US Grand Strategy: China
China will be the toughest geopolitical rival in US history. America is not ready.
This is the China installment in Ad Astra’s American grand strategy for a multipolar world. The series contains 7 white papers: 2 global policies and 5 country-level strategies.
1. Introduction
2. Global trading alliance network
3. China
4. Russia
5. Middle East
6. Mexico
7. India
Signs and signals call for speed -- full speed ahead - FDR, 1940
US grand strategy should be centered around geopolitical competition with China. Despite promises to “pivot to Asia” for more than a decade, America now finds itself distracted and pinned down in hard-to-solve conflicts in Ukraine and Israel. This pleases Beijing. The US should refocus on China, which the Defense Department calls “the only competitor to the United States with the intent and, increasingly, the capacity to reshape the international order.”[i]

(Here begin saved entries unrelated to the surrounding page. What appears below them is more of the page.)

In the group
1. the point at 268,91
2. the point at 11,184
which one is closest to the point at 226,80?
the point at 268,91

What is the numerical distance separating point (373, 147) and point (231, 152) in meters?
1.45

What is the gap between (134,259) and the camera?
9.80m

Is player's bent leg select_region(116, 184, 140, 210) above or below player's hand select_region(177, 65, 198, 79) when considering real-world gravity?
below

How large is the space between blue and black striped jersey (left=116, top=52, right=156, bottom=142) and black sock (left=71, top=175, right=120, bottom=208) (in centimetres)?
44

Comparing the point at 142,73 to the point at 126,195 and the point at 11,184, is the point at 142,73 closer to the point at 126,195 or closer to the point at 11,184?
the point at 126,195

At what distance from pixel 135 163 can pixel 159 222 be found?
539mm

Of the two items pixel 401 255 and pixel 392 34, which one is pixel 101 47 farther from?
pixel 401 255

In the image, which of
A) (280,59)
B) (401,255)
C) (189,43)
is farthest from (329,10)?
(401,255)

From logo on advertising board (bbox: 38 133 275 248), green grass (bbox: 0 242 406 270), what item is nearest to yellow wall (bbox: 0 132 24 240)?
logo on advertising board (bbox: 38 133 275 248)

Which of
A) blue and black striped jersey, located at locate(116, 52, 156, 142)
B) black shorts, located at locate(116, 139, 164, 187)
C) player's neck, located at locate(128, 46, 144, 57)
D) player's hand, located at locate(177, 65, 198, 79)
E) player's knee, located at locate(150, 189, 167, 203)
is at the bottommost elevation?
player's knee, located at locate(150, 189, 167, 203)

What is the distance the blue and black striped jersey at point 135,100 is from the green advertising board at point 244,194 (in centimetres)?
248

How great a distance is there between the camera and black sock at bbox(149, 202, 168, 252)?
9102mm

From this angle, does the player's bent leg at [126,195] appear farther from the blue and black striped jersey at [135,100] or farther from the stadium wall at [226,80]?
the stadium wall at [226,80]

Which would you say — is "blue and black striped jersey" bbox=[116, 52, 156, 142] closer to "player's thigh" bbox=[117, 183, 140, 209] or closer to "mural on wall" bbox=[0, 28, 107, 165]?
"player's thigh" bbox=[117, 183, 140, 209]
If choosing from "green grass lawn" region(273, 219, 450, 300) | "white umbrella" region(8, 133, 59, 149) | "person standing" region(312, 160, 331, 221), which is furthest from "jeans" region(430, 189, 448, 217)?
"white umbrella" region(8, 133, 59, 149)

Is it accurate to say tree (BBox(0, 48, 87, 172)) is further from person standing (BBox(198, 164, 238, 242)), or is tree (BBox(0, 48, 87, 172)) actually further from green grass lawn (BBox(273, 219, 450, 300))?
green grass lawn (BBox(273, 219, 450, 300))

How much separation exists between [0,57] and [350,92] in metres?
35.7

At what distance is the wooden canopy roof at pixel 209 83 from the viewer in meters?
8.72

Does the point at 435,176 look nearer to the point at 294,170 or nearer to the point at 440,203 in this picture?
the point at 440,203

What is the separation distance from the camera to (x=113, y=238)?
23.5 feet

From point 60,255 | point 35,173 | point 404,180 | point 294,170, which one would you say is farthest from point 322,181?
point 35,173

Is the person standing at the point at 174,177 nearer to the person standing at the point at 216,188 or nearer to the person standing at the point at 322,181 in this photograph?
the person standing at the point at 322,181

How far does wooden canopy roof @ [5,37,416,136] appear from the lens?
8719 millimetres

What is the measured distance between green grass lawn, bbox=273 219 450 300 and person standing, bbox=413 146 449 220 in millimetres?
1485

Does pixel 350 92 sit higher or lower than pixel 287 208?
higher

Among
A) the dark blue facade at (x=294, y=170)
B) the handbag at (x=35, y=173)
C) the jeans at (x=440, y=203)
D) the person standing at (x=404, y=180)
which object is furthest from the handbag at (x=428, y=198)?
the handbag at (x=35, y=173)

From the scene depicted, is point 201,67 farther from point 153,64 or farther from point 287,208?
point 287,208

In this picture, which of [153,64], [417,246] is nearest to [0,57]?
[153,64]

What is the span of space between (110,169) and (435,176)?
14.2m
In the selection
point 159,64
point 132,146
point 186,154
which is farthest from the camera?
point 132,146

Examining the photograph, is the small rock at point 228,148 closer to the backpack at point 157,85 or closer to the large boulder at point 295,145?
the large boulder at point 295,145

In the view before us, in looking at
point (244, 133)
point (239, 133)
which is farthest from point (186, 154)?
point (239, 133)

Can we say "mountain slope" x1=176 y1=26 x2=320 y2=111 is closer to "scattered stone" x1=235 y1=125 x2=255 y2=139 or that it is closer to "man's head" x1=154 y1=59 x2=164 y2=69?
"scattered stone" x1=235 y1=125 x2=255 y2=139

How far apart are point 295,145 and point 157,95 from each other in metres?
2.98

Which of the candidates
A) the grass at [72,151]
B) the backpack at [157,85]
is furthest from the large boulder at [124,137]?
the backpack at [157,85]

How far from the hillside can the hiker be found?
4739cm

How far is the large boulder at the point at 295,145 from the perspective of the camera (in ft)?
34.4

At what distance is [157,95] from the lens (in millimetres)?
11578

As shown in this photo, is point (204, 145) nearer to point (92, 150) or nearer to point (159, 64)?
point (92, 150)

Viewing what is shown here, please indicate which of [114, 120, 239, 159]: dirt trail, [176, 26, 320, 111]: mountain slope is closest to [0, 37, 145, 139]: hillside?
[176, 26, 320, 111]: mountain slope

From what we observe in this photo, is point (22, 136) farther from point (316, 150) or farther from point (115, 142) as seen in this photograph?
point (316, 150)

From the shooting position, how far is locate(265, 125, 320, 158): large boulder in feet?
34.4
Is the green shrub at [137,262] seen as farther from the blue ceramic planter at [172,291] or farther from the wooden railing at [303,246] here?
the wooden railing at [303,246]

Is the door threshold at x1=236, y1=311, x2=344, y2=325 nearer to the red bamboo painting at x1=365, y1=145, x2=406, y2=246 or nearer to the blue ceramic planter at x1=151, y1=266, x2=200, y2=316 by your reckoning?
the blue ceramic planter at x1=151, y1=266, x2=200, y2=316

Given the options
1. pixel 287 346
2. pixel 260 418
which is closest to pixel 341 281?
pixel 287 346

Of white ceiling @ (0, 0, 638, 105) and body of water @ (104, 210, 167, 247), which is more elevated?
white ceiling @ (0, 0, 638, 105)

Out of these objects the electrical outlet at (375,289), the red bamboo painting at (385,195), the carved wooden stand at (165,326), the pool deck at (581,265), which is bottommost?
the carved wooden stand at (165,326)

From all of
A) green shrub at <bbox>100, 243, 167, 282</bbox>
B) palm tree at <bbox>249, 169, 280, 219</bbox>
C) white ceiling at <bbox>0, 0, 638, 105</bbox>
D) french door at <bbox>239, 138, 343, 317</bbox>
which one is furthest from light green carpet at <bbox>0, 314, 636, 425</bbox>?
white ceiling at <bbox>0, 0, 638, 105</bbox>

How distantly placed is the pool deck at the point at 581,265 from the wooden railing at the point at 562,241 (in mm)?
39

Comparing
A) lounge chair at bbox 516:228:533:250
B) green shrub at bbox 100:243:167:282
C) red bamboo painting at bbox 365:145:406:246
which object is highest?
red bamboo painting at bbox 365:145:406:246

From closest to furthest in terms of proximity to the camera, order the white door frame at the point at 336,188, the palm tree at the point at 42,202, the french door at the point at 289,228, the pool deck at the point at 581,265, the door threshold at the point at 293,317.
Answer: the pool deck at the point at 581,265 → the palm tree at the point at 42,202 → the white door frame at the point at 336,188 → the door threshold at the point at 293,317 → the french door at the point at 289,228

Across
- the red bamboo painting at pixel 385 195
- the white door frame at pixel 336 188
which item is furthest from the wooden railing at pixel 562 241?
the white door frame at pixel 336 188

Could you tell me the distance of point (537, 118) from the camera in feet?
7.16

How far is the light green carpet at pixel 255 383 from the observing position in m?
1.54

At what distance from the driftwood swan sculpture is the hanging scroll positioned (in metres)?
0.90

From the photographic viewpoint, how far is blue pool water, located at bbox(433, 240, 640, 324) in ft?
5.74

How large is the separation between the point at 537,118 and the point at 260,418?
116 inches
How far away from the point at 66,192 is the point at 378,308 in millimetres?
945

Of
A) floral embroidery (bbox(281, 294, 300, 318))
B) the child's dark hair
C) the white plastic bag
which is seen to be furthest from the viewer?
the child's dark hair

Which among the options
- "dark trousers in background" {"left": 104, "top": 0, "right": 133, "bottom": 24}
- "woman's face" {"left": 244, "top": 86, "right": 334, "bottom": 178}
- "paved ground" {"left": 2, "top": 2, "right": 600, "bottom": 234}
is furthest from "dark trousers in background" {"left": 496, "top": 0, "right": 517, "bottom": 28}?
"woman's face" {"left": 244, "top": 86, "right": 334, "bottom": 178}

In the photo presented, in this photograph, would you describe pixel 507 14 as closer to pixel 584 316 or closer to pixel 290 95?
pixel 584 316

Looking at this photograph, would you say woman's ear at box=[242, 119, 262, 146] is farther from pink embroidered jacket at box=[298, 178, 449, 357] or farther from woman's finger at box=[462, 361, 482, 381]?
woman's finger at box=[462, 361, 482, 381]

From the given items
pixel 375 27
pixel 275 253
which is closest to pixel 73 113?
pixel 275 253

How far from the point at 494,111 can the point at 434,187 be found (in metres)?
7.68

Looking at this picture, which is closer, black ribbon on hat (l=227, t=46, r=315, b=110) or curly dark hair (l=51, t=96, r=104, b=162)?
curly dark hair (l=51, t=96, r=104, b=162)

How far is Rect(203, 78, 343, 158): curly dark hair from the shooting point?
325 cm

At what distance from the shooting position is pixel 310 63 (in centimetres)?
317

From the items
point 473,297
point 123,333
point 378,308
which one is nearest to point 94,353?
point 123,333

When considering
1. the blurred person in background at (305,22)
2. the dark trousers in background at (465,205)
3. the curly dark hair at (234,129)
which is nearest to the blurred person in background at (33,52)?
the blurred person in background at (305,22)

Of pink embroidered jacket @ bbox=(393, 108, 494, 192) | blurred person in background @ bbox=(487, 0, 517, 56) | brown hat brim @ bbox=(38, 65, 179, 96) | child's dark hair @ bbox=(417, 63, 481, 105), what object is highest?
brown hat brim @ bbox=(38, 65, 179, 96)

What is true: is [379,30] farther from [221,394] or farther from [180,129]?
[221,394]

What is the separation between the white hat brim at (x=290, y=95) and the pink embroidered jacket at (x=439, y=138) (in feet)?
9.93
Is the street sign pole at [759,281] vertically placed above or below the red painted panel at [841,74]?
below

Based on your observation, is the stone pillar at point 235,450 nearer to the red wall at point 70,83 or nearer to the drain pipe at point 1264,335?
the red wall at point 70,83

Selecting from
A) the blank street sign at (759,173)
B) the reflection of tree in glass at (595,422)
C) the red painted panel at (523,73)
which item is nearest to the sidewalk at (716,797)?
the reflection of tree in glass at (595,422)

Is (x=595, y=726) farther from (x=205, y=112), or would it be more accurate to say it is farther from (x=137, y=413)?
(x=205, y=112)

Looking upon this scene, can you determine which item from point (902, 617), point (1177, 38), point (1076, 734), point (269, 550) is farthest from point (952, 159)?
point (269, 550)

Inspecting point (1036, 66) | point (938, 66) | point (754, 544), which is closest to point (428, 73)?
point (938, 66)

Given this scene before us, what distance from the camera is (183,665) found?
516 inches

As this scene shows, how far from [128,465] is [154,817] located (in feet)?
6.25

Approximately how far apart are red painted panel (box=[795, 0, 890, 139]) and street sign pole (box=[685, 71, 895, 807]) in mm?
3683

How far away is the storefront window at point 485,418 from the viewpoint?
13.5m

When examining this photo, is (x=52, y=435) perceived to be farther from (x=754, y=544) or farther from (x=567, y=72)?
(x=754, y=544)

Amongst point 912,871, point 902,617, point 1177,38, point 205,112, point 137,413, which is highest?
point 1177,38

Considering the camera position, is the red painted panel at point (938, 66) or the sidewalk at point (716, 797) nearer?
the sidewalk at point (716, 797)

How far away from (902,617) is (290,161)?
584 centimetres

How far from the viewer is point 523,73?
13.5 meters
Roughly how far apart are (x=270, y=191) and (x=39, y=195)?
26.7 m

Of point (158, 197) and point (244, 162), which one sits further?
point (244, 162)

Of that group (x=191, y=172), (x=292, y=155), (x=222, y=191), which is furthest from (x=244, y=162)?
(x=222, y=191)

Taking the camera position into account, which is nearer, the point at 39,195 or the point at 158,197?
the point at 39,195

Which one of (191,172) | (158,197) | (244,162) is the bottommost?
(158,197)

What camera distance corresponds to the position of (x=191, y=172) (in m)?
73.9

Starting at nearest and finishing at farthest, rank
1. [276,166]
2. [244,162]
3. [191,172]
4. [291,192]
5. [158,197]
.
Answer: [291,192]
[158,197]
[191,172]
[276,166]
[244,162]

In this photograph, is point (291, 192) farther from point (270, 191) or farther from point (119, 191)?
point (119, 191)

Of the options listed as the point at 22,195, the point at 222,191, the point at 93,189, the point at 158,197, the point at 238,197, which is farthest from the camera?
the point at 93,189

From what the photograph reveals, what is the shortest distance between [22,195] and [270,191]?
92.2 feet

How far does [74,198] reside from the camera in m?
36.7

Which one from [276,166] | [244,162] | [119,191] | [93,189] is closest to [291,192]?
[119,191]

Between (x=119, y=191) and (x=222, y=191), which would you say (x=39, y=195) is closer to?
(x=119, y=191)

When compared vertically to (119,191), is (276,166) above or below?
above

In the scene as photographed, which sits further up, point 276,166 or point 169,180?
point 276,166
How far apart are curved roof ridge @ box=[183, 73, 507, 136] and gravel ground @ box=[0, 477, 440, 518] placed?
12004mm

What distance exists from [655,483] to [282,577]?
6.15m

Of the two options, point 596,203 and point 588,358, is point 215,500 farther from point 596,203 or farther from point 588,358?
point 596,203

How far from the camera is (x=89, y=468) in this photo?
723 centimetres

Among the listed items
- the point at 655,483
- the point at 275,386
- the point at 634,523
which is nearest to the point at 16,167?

China and America are currently on track for war, which would be devastating and is a conflict that the US could lose. According to the Thucydides Trap[ii], over the last 500 years a rising power (China) and incumbent great power (America) have gone to war 12 out of 16 times, a 75% rate. To escape history, the People’s Republic of China (PRC) and the US cannot have business as usual relations. The US and its allied bloc must “out run” the PRC instead of trying to “trip” them as current foreign policy is clumsily attempting. Unlike the usual forecasts of a “hundred-year marathon”, America faces the acute threat of a “Peak China” in the 2020s.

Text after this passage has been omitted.